If this happened today, they may still be able to obtain an abortion under Utah law, but conservatives in the state are seeking to make it much more complicated.
A handful of laws set to go into effect Wednesday are now being held up in court — chief among them, a law requiring hospitals to become the only places abortions can be provided.
Right now, the Guttmacher Institute says about 1% of abortions are done in hospitals. The law would have effectively shuttered both independent clinics and Planned Parenthood's abortion capabilities.
SEE MORE: North Dakota passes law banning nearly all abortions
In court last week, lawyers for the state argued that the clinics wouldn't have to shut down if they become hospital compliant, a rigorous process.
Planned Parenthood told Scripps News it's not necessary or possible.
"A hospital is an inpatient health care facility. It has beds for extended inpatient stays, it has hospital theaters for open heart surgery," said Hannah Swanson, an attorney for Planned Parenthood. "Abortion requires none of those things."

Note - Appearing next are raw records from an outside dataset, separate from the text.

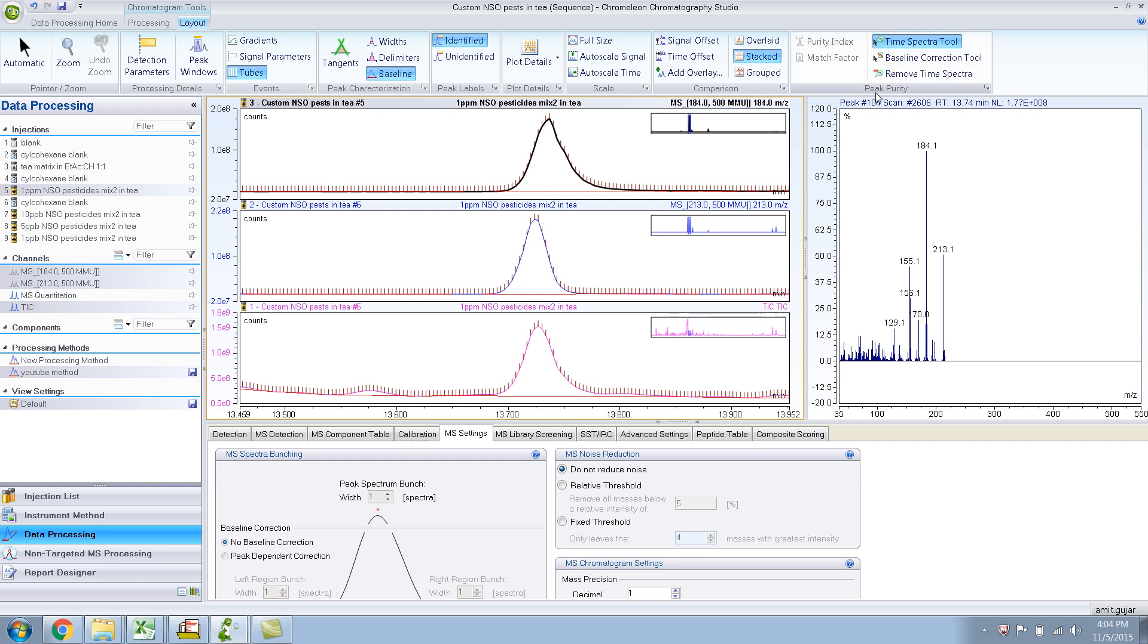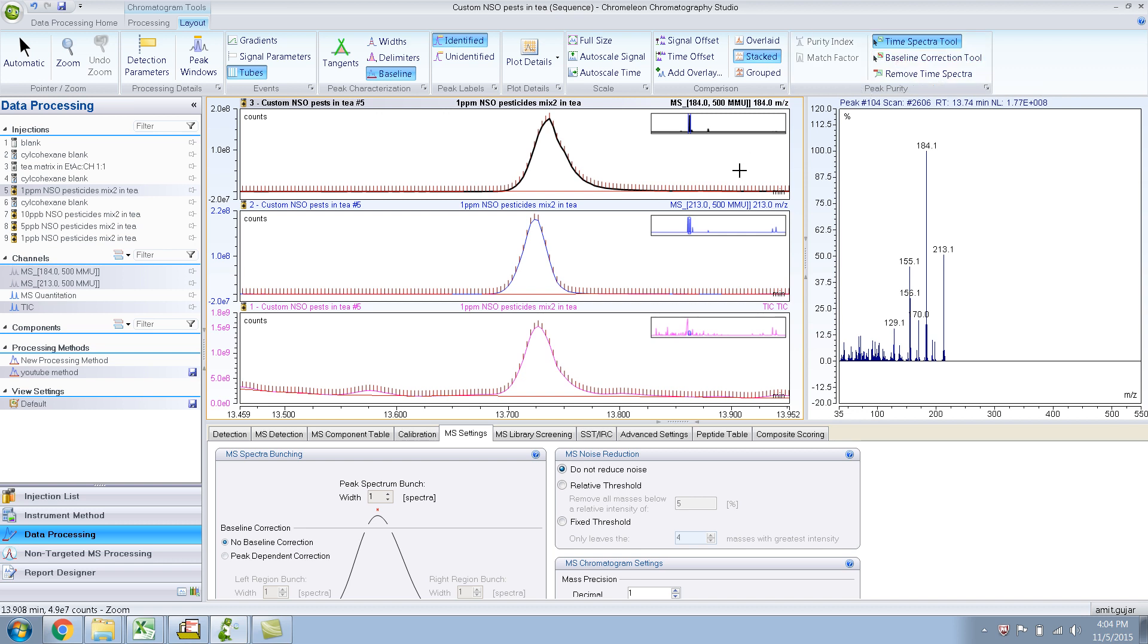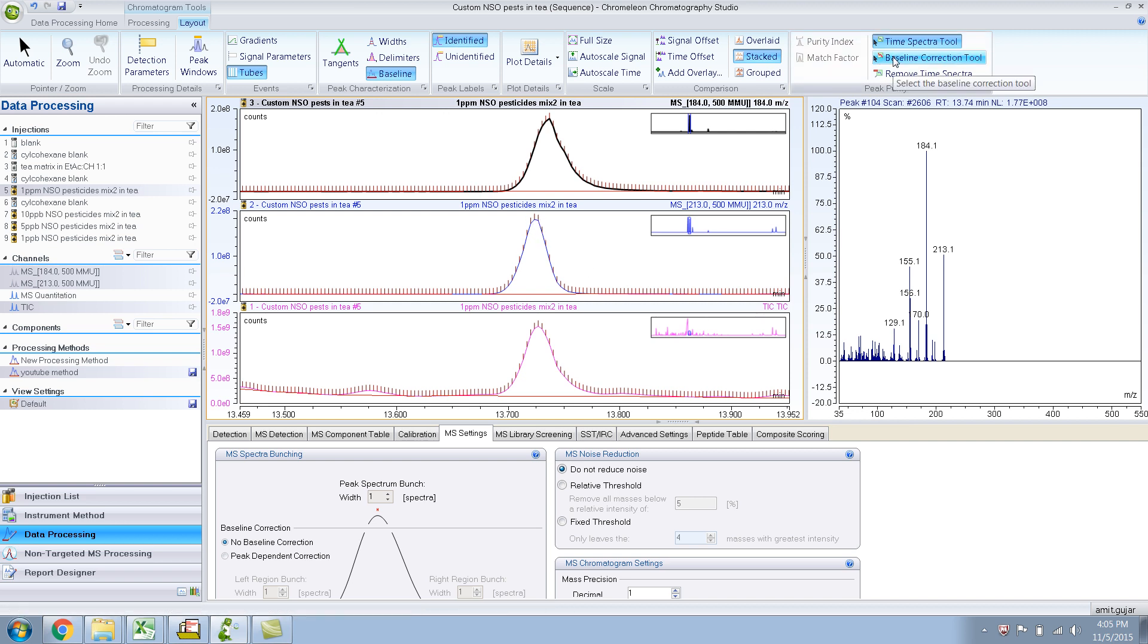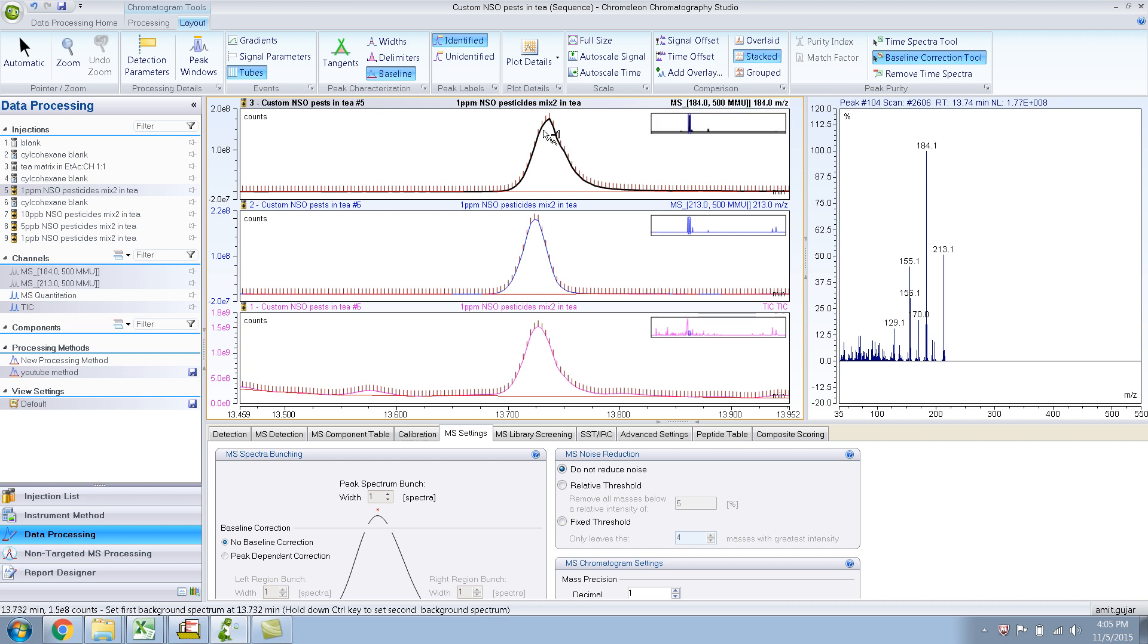And now let me do a baseline correction. So basically what I am trying to do is subtract the mass spectra right next to it, so that it hopefully subtracts out the Cymetrin. So if I do baseline correction, and I say I want to subtract this, there you go.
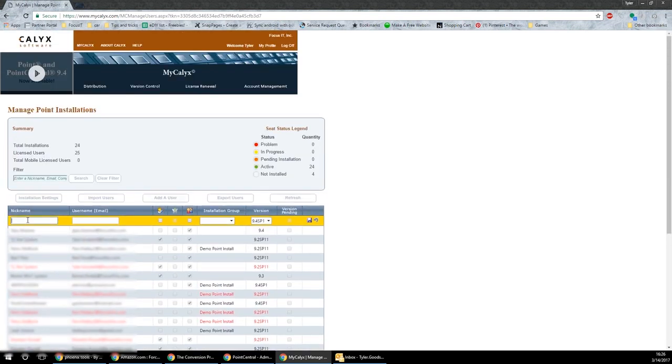You're going to give that user a nickname. This could be the first name, this could be their email address, it really doesn't matter. Then you're going to add an email.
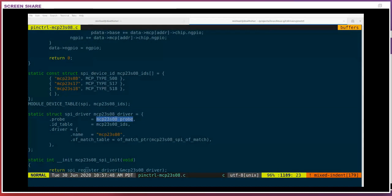I'll open it up for questions now. I kind of botched the demo by forgetting the right SD card.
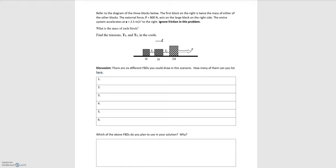In this video we'll be going over the example of three blocks attached to one another with an applied force acted on one of the blocks. The first block on the right is twice the mass of the other blocks. The external force applied is 800 newtons, the entire system accelerates at 2.5 meters per second squared. We can ignore friction, and we're asked to find the mass of each block and the tension in the cords connecting the blocks.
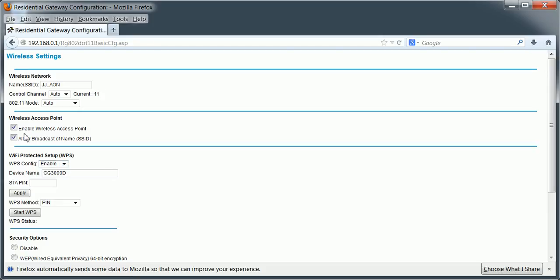So to disable wireless, it's just under wireless access point over here. And you just uncheck 'enable wireless access point'. And that will disable wireless.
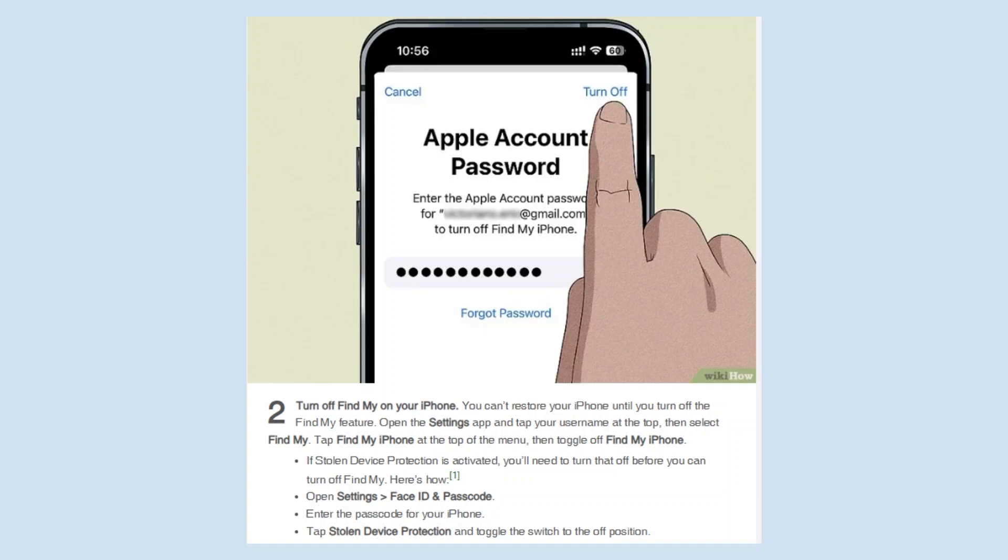If Stolen Device Protection is activated, you'll need to turn that off before you can turn off Find My. To do this, open Settings and go to Face ID and Passcode, then enter the passcode for your iPhone. Next, tap Stolen Device Protection and toggle the switch to the off position.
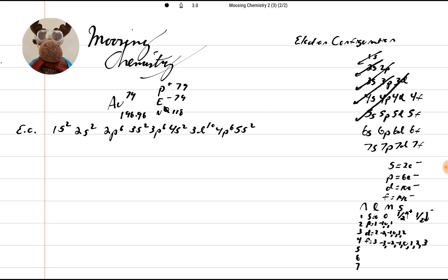Now let's add these up so far. 2 and 2 and 6 make 10, 2 and 6 and 2 make 20, 30, 36, 37, 38. Then we go 4d10. 38 would be 4d8.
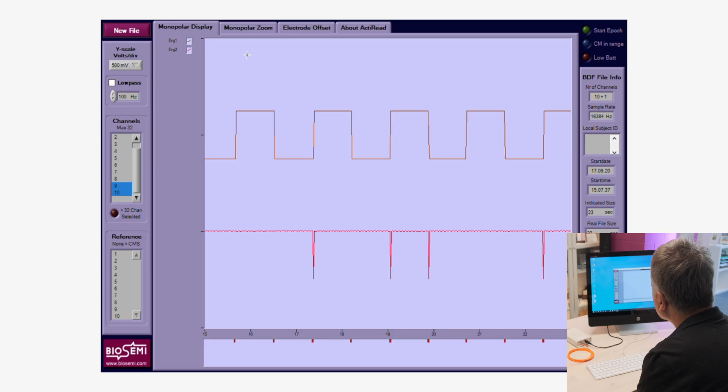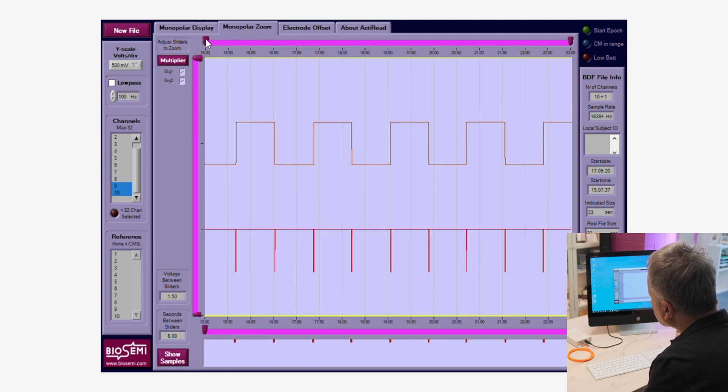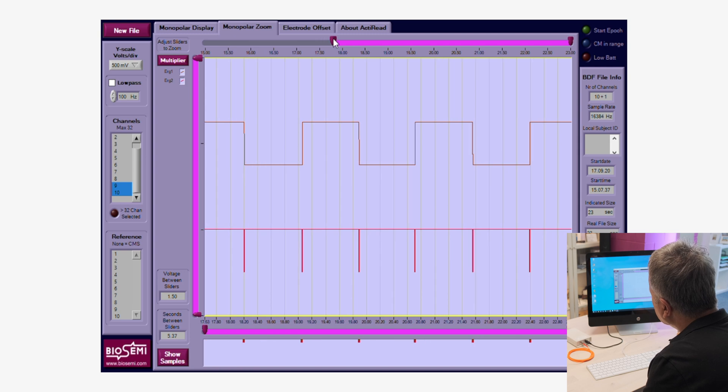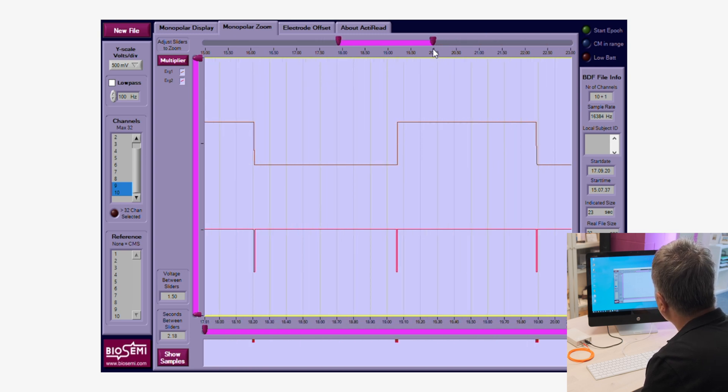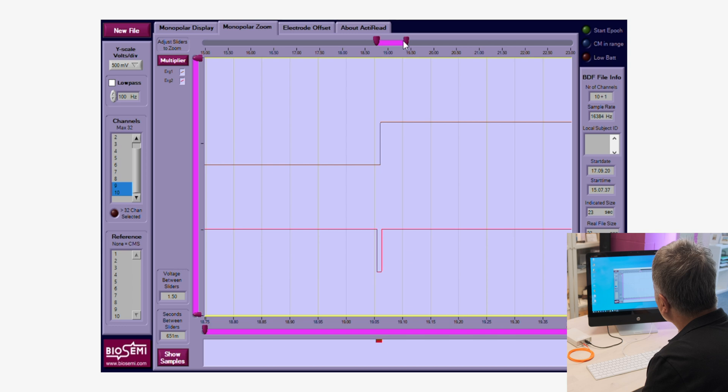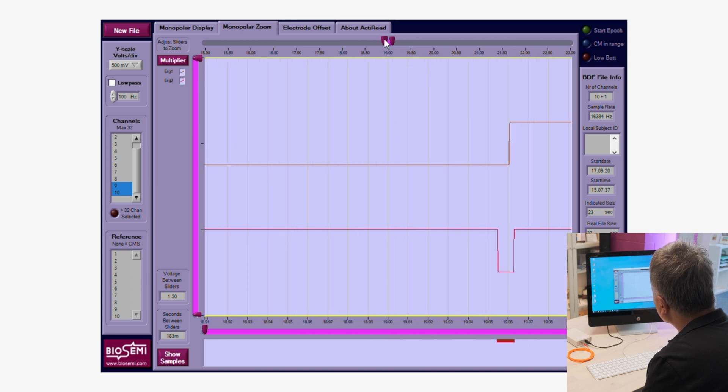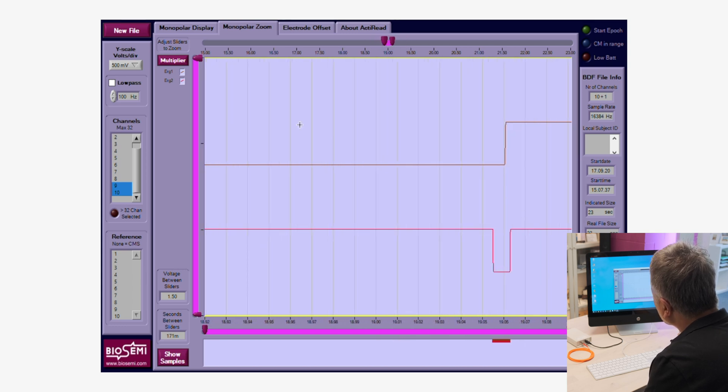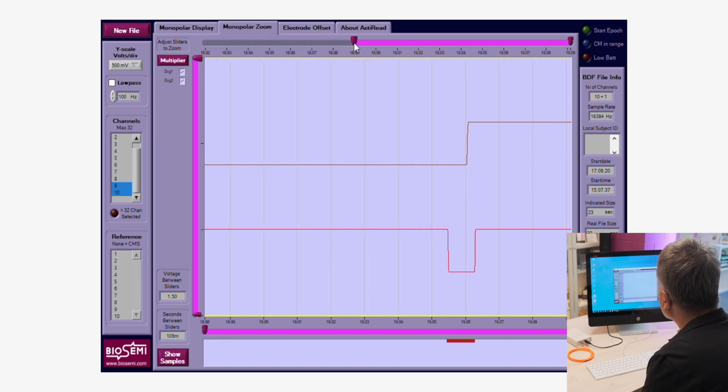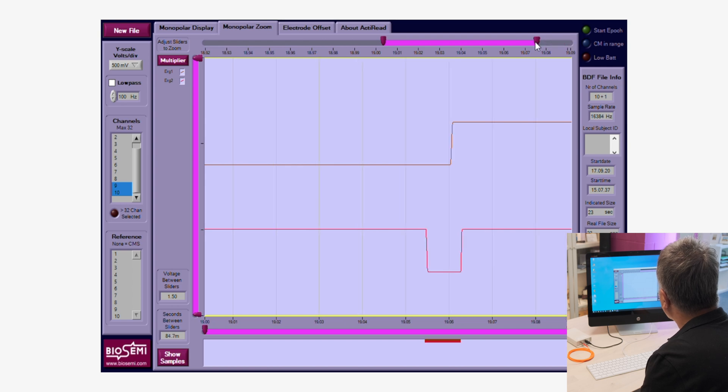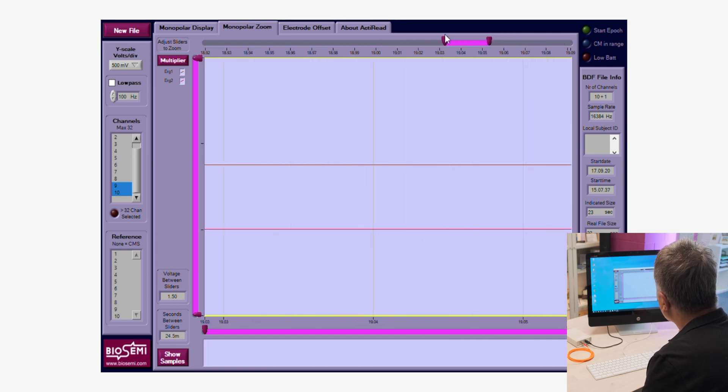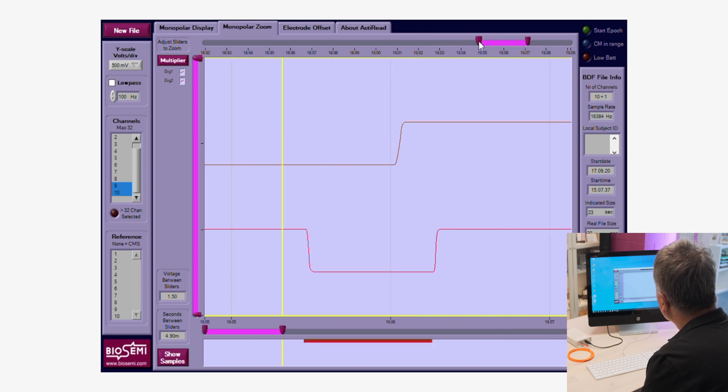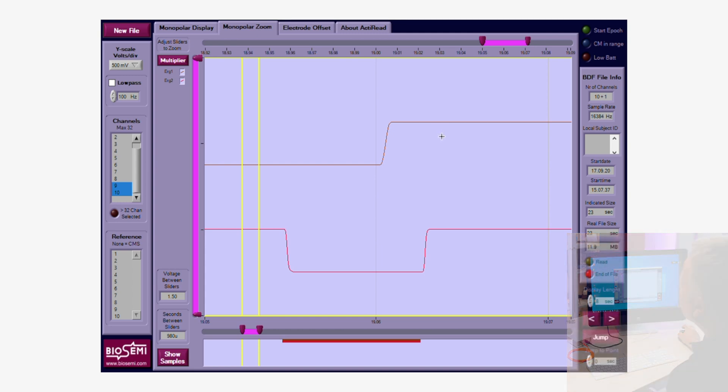So first we go to monopolar zoom. And then we can see up here we can see sliders. These sliders let us focus in on a section of the recording. Now we can see as we close these two levers, it's still not good enough so we can actually apply the multiplier which is really cute. So we just pull and pull until we get the data nicely on the screen. We need to play a bit with this. This is not so easy. Now we have it really nicely on the screen.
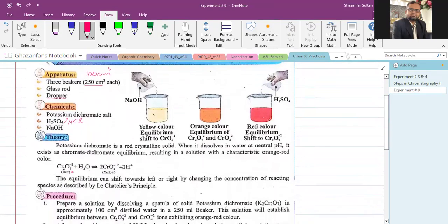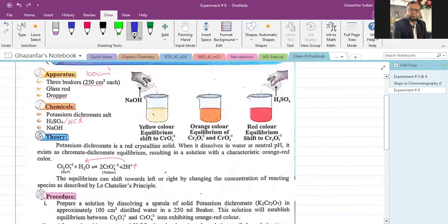The theory: when an equilibrium is established, increasing the concentration on the product side shifts the equilibrium position to the left — the reactant side. If you decrease a component on the product side, the reaction shifts towards the right. So when you increase the concentration of hydrogen ions, equilibrium shifts left. When you decrease hydrogen ion concentration by adding sodium hydroxide, equilibrium shifts right.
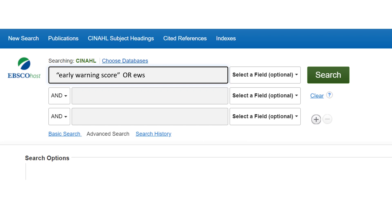In order to remove irrelevant results, we can add another keyword to the search: "acute". By adding an AND command, we are narrowing the results, as now only articles that have early warning score or EWS and acute will be retrieved. For more help with using advanced searching techniques, please see the guide on literature reviews on the library website.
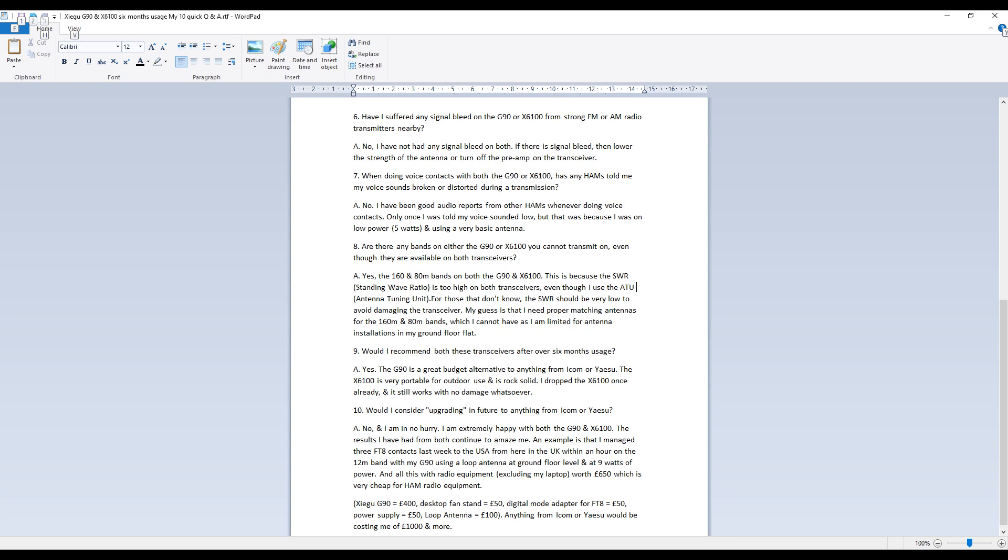Question seven, when doing voice contacts with both the G90 or X6100, has any hams told me my voice sounds broken or distorted during a transmission? The answer is no, I've been getting good audio reports from other hams whenever doing voice contacts. Only once I was told my voice sounded low but that was because I was on low power, five watts to be precise and I was using a very basic antenna at the time.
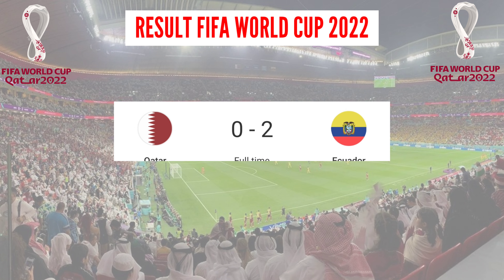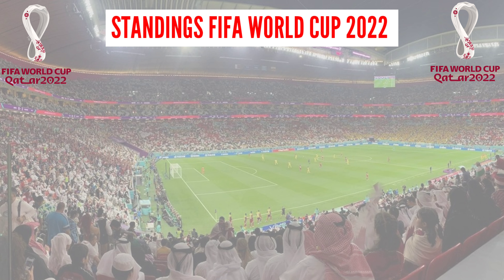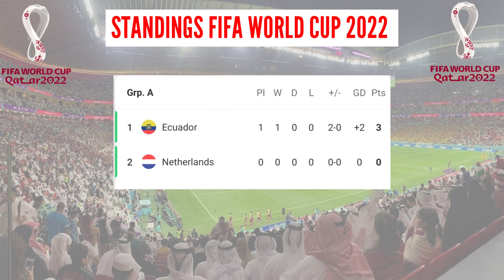Results of today's match, Sunday 20 November 2022. Host Qatar lost 0-2 versus Ecuador. Group A standings table: Ecuador leads with 3 points.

If enacted, the law also changes what is legally allowed as a reason for an abortion after 18 weeks. A woman can no longer use rape or incest as a reason, nor could she use a fetal anomaly. The baby's diagnosis must be lethal or put them in a mentally vegetative state, meaning it doesn't include Down syndrome, Spina bifida or cerebral palsy.
Republican Utah State Rep. Kera Birkeland supported the bill. She had her own scares when pregnant and now has a healthy 16-year-old daughter. In the event an abortion needs to be performed, she says hospitals are the only place they should occur.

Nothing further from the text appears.